### Experiemental code for interpolating the median age from grouped age category data, via the [Los Angeles Times Data Desk](https://github.com/datadesk). 

### For more information, see: https://github.com/datadesk/census-data-aggregator

In [1]:
import math

In [2]:
def approximate_median(range_list):
    """
    Returns the estimated median from a set of ranged totals.
    Useful for generated medians for measures like median household income and median age when aggregating census geographies.
    Expects a list of dictionaries with three keys:
        min: The minimum value in the range
        max: The maximum value in the range
        n: The number of people, households or other universe figure in the range
    """
    # Sort the list
    range_list.sort(key=lambda x: x['min'])

    # What is the total number of observations in the universe?
    n = sum([d['n'] for d in range_list])

    # What is the midpoint of the universe?
    midpoint = n / 2.0

    # For each range calculate its min and max value along the universe's scale
    cumulative_n = 0
    for range_ in range_list:
        range_['n_min'] = cumulative_n
        cumulative_n += range_['n']
        range_['n_max'] = cumulative_n

    # Now use those to determine which group contains the midpoint.
    try:
        midpoint_range = next(d for d in range_list if midpoint >= d['n_min'] and midpoint <= d['n_max'])
    except StopIteration:
        raise StopIteration("The midpoint of the total does not fall within a data range.")

    # How many households in the midrange are needed to reach the midpoint?
    midrange_gap = midpoint - midpoint_range['n_min']

    # What is the proportion of the group that would be needed to get the midpoint?
    midrange_gap_percent = midrange_gap / midpoint_range['n']
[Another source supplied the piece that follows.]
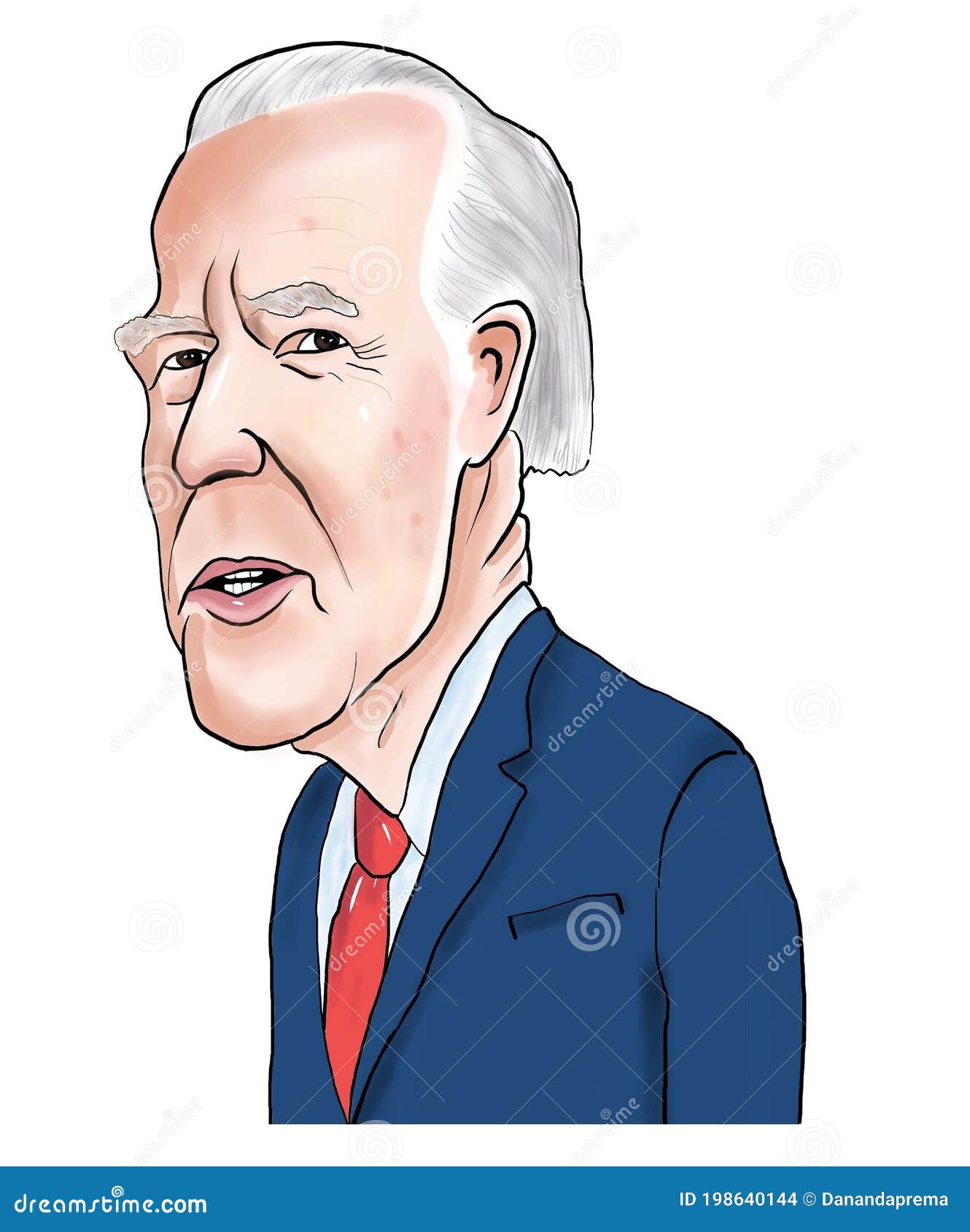Caricature Drawing of Joe Biden Editorial Stock Image - Illustration of ...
    # Apply this proportion to the width of the midrange
    midrange_gap_adjusted = (midpoint_range['max'] - midpoint_range['min']) * midrange_gap_percent

    # Estimate the median
    estimated_median = midpoint_range['min'] + midrange_gap_adjusted

    # Return the result
    return estimated_median

### Estimate the median age of D.C.'s 2018 population, by race

In [3]:
import pandas as pd

In [4]:
dc = pd.read_csv('dc_age2018.csv')

In [5]:
for i in dc['race_cat'].unique():
    print(i)
    dc_race = dc.loc[dc['race_cat'] == i][['min', 'max', 'n']].to_dict('records')
    print(round(approximate_median(dc_race)))

White
32.0
Black
38.0
MultipleOther
26.0
Asian
32.0
Hispanic
31.0